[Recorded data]

┌──

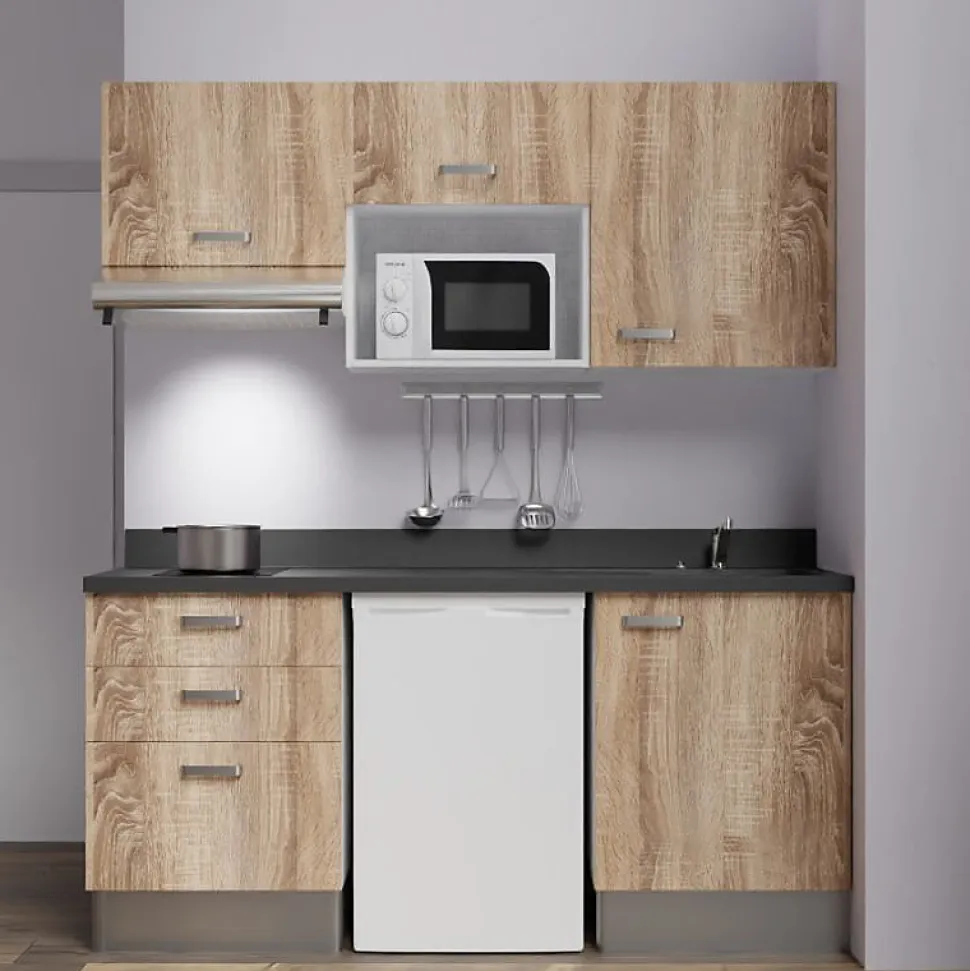 Kitchenette K20 - 180 cm - façades Bois - Plan monobloc en quartz coloris Nero évier à droite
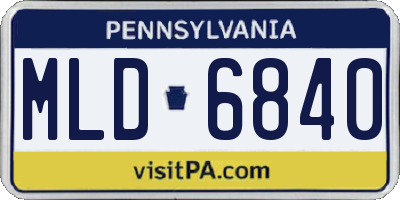 PA license plate MLD6840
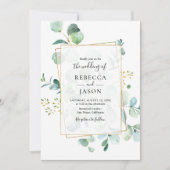 Geometric Greenery Eucalyptus Wedding Einladung (Vorderseite)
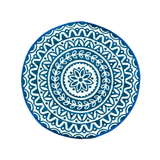 Pushpa Blue and White Floral Reversible Round Large Rug - Recycled Plastic Rugs & Mats Fab Habitat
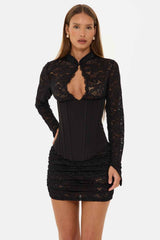Rebel Noir Lace Corset Mini Dress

└──

*WHAT YOU WILL DO*:
Retype each of the entries above exactly as it appears, with no pictures.

*RESULT FOR THIS TASK*:
 Kitchenette K20 - 180 cm - façades Bois - Plan monobloc en quartz coloris Nero évier à droite
 PA license plate MLD6840
 Geometric Greenery Eucalyptus Wedding Einladung (Vorderseite)
 Pushpa Blue and White Floral Reversible Round Large Rug - Recycled Plastic Rugs & Mats Fab Habitat
Rebel Noir Lace Corset Mini Dress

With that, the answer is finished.